I read this article today about how Google’s Toolbar takes an aggressive stand against someone changing the “default search” provider in IE. Wow – this is pretty aggressive!
Now, I’m sure people will start yelling at Microsoft, and maybe that is deserved. For the record though, Microsoft’s software doesn’t do this (yet).
Anyway, this problem of “software wars” is not new. And the OS should protect the poor user from it.
It all starts with a Cold War
During the Cold War, two competing programs will, invariably, put an option into their installers to override the competitor’s settings. Engineers, like me, at each company will complain that this is terrible and should never be done, but we are always overridden by business folks that are smarter.
Once the cold war starts, it begins to escalate. First, one side will make it so that the software *always* overrides the competitor’s settings, without giving the user a choice.
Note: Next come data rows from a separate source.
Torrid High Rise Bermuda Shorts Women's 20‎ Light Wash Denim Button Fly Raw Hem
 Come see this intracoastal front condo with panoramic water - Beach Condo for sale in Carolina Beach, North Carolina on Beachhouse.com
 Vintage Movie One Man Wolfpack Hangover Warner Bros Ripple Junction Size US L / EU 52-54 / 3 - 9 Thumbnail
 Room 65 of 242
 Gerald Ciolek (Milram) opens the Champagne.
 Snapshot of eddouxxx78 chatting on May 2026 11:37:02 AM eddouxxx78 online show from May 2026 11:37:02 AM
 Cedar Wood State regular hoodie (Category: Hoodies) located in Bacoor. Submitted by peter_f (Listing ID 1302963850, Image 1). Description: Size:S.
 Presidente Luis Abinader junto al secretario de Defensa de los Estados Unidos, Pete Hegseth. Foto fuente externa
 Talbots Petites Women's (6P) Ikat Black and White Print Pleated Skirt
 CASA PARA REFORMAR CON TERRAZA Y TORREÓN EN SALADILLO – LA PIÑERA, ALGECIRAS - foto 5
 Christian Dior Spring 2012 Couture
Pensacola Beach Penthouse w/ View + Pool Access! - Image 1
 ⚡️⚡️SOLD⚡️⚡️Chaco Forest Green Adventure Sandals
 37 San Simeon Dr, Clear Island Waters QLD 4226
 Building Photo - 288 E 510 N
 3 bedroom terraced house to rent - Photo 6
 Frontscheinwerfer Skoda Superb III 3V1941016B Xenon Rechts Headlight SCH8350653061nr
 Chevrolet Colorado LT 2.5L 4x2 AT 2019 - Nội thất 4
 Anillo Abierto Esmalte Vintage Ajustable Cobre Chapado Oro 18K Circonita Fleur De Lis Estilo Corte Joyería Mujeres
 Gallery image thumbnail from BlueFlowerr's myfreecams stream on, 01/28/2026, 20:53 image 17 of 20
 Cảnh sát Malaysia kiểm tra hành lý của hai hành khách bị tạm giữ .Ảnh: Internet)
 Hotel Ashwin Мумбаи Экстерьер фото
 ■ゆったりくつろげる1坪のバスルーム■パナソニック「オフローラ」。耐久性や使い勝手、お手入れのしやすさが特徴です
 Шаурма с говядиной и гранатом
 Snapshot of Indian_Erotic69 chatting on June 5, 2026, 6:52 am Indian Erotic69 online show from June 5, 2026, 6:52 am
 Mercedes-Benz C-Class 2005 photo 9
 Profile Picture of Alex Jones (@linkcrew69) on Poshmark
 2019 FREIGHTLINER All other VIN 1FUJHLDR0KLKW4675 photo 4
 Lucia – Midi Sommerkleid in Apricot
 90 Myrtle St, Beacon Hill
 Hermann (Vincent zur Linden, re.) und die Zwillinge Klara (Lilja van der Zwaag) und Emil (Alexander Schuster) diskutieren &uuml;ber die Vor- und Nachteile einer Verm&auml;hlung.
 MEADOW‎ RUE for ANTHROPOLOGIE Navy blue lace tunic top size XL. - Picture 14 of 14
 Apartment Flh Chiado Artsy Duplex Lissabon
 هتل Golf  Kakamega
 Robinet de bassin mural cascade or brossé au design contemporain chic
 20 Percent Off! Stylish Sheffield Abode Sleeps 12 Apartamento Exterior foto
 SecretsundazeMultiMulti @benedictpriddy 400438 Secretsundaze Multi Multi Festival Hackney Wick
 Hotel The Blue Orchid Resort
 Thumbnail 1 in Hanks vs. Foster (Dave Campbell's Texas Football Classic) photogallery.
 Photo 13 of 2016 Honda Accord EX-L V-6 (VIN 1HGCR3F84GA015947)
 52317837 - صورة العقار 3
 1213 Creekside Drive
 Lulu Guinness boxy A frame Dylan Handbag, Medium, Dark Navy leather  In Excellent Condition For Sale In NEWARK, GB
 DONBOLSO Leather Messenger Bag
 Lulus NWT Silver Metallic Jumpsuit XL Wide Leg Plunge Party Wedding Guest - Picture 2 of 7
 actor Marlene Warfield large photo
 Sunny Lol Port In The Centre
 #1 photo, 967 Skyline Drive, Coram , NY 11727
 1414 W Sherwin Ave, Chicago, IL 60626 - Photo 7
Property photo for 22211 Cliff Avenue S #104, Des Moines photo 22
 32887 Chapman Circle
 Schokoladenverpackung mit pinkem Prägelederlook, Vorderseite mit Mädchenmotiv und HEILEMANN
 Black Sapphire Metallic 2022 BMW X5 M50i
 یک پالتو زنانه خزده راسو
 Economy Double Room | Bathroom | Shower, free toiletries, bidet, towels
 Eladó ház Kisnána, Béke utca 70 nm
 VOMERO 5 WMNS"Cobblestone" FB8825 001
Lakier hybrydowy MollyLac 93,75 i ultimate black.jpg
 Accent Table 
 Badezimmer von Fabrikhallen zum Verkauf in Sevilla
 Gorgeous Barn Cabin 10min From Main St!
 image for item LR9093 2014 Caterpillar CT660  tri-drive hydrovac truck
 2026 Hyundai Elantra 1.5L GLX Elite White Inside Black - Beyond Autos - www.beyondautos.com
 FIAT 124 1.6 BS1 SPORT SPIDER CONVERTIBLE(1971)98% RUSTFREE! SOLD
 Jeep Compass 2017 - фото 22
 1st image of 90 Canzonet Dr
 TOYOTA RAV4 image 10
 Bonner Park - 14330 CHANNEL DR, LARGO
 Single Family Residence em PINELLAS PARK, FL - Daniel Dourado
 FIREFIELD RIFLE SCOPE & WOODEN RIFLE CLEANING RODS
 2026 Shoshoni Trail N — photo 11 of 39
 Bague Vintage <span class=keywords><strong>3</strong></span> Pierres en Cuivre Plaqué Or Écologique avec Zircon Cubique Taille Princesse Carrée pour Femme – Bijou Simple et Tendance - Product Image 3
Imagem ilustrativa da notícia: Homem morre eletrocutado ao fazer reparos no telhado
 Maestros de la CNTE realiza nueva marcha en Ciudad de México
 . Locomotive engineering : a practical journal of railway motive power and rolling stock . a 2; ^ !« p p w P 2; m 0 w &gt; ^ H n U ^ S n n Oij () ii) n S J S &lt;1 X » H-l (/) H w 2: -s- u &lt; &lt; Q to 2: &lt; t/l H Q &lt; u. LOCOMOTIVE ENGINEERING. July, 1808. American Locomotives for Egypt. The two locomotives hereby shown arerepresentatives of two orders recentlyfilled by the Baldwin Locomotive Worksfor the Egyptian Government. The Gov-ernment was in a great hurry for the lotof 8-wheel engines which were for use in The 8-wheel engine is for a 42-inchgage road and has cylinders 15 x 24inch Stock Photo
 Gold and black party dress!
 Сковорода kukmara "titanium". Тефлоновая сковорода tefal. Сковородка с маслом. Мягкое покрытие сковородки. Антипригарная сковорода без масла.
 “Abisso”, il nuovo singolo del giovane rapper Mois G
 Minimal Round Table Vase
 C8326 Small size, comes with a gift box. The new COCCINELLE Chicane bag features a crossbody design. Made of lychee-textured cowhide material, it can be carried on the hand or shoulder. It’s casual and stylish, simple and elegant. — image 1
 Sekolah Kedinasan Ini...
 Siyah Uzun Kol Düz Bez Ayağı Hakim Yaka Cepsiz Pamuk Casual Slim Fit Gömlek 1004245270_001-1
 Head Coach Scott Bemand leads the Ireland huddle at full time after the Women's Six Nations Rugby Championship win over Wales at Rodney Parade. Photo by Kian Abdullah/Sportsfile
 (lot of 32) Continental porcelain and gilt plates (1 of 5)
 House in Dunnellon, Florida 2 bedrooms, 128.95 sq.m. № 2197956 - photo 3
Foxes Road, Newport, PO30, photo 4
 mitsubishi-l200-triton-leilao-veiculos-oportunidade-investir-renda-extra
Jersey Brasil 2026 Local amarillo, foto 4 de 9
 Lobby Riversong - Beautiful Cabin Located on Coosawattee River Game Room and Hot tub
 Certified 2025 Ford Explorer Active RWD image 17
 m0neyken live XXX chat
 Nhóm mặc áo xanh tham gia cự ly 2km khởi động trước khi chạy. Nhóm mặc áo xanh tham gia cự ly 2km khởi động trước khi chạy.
Then, the other will respond with something equally clever, like additional popup warnings or something silly like that.
Eventually, the cold war turns into an all out war, with users as the casualties. In this phase, the product is installing executables on your system which run constantly just to monitor for the competitor’s software and do something different. Sadly, Google’s Toolbar has entered this phase.
How to Fix?
The operating system really ought to protect against this more readily. Why is it that one program can alter another program’s config without the user even knowing about it? It shouldn’t be allowed. So when any competitor changes the default IE settings, the OS ought to tell the user that this has happened, and let the user deal with it. It prevents any surruptitious altering of configurations, and educates the user at the same time. If we had this, the cold war probably never would start- because if either side instigated, the users would be able to knowingly protest immediately.